A recent decision of the High Court has given some useful guidance on factors to consider when looking at exiting a distribution contract and in particular, what length of time constitutes a 'reasonable period' of notice for the purposes of no-fault termination or termination 'at convenience'.
This is likely to be an issue where there is no formal written agreement or the contract itself is silent on the issue (which means a 'reasonable period' of notice will usually be implied by law) or in some cases where an agreement actually refers to a reasonable period of notice.
The case in question, Jackson Distribution Limited v Tom Yetto Inc. related to a distribution arrangement between J and T whereby J (on the basis of discussions at a trade show) agreed to be appointed as T's distributor of skating boots and shoe products in the UK and Ireland.
Rather than being contained in a signed written document, the alleged contract was based on an exchange of emails and discussions between T and J. In this case, T had confirmed by email that J should act as its distributor and they should agree terms. J forwarded a draft distribution agreement to T, which contained terms relating to issues such as parties' obligations, price and payment but this was never signed (although T did confirm receipt). T also forwarded its own draft contract, which again was never signed.
T subsequently sought to terminate the arrangement and gave J six-months notice. However, T also simultaneously claimed that J had in fact breached the agreement between the parties and this effectively terminated the arrangements without notice.
The distributor J then claimed damages against T for wrongful termination of the contract.

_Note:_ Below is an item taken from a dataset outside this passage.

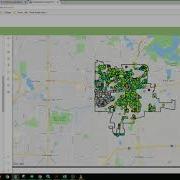 TreeKeeper 8 Searching Multiple Site Id S At Once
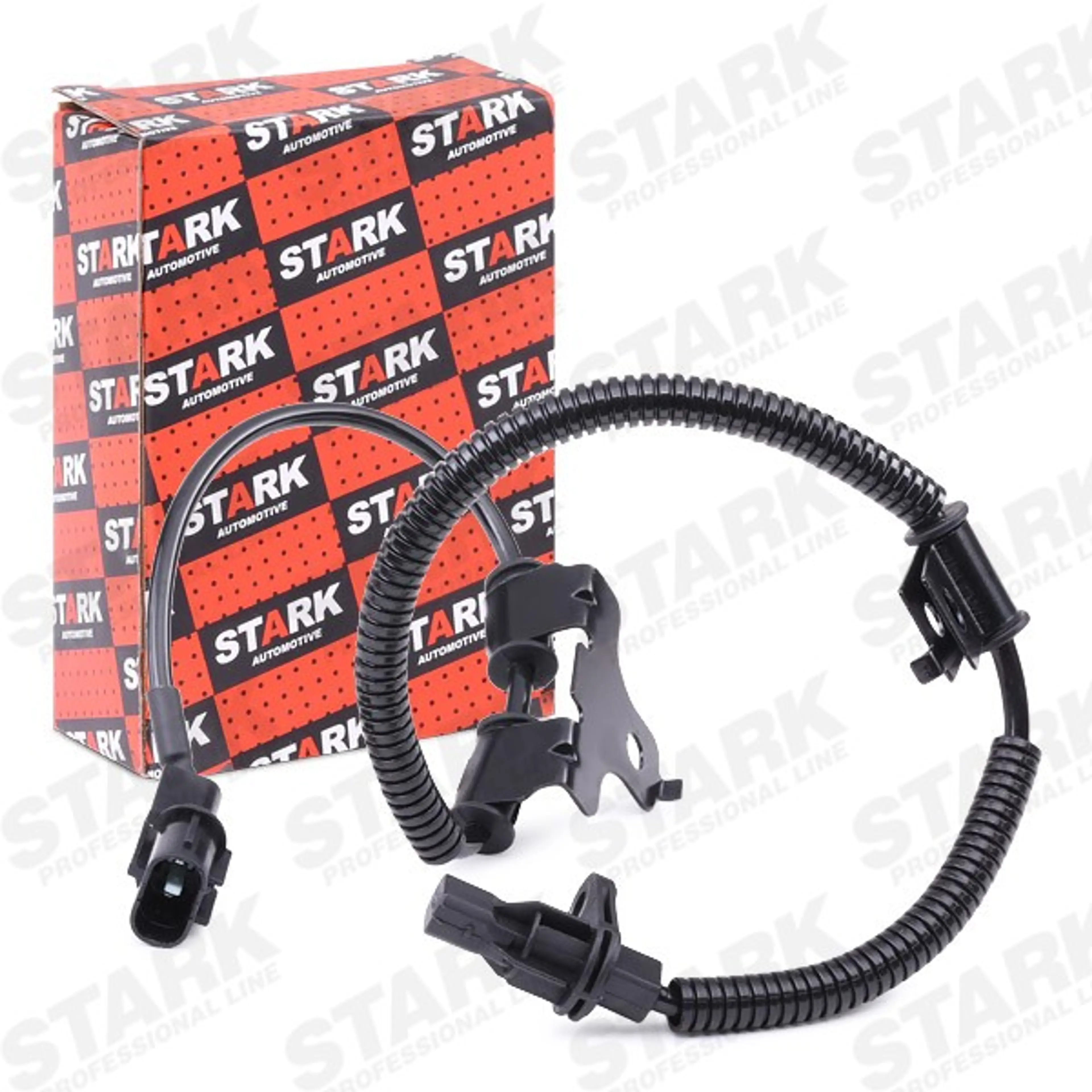 SENSOR, REVOLUCIONES DE LA RUEDA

In his judgement, Justice Royce ruled that:
- Neither draft agreements submitted by each party was shown to have been acted on, so neither of them applied (and the termination provisions in those drafts could not be relied upon).
- There was a contract however, which was based on the verbal confirmation that J should be sole distributor and subsequent exchange of emails. There were certain terms implied by law such as 'to supply products in a timely manner' and to use 'good workmanship'.
- Looking at the facts, there had been no breach of contract by J in this case justifying T's immediate termination of the contract.
- It was an implied term that the contract could be terminated 'on reasonable notice' to the other party.
- The Judge looked at the circumstances of the distribution arrangement to determine what a reasonable period should be including: whether the distributor was prevented from selling competing products (which could be inferred in this case); length of relationship (2.5 years); extent of early investment by distributor (which was significant) and the percentage of distributor's overall turnover made up by supplier's products (which was less than 50%). The Court also considered specific facts in this case such as the seasonal nature of skating products; plans to open new business premises; and the time it would take J to find an alternative brand. In conclusion, the Court considered that nine months' would have been a reasonable notice period.
Termination of distributors/resellers can be a tricky issue for manufacturers and the case gives a useful checklist of facts to consider when deciding what's reasonable notice. That said, each case is likely to turn on its facts and previously periods of 6 and 3 months have been held to be "reasonable" in the circumstances.
For the distributor or reseller (that does not benefit from regulatory protection offered to commercial agents), a period of notice needs to be sufficiently long to offer them the ability to find alternative business.
At the end of the day, there is clearly no substitute for having a written contract with defined termination provisions and express notice periods.